Les océans, les mers et les zones côtières sont un élément intégré et fondamental de l’écosystème de la planète et sont essentiels au développement durable. Ils recouvrent plus des deux tiers de la surface de la Terre et représentent 97 % de l’eau de la planète. Les océans contribuent à l’éradication de la pauvreté en offrant l’accès à des moyens de subsistance durables et à des emplois décents. Plus de 3 milliards de personnes dépendent des ressources marines et côtières pour vivre. De plus, ils jouent un rôle essentiel pour assurer la sécurité alimentaire mondiale, la santé humaine et le bien-être. Ils sont aussi le principal régulateur du climat mondial, constituent un puits important de gaz à effet de serre, sont de gigantesques réservoirs de biodiversité et jouent un rôle majeur dans la production de l’oxygène que nous respirons.

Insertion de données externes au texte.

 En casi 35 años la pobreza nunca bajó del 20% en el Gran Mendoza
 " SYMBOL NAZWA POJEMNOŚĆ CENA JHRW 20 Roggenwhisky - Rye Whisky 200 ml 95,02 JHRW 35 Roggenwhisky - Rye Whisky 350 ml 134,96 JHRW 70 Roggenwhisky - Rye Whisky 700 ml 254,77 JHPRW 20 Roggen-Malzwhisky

Les océans, les mers et les ressources marines sont de plus en plus menacées par les activités humaines, notamment l’augmentation des émissions de CO2, le changement climatique, la pollution marine, l’extraction non durable des ressources marines ainsi que les modifications physiques et la destruction des habitats marins et côtiers. La Première Évaluation mondiale intégrée du milieu marin, achevée en 2015 sous l’égide du Mécanisme de notification et d’évaluation systématiques à l’échelle mondiale de l’état du milieu marin, y compris les aspects socioéconomiques, dresse un sombre tableau de l’état de nos océans. Les pressions anthropiques exercées sur les écosystèmes marins, y compris l’acidification des océans et le changement climatique, diminuent la résilience des océans et de leurs ressources ainsi que la capacité à fournir de manière continue des biens et des services liés aux écosystèmes. L’Assemblée générale des Nations Unies a pris connaissance avec préoccupation des conclusions de l’Évaluation : avec les pressions simultanées auxquelles les océans font face, les limites ont été atteintes ou sont près de l’être. Ce retard dans la mise en œuvre de solutions aux problèmes identifiés qui menacent de détériorer les océans entraînera, inutilement, une augmentation des coûts environnementaux, sociaux et économiques. La communauté internationale reconnaît de plus en plus qu’une économie fondée sur les océans – une économie «bleue» pour les générations actuelles et futures – doit conserver les océans, les mers et leurs ressources, et les gérer et les utiliser d’une manière durable, avec la participation de tous les secteurs, et être fondée sur la coopération et la coordination.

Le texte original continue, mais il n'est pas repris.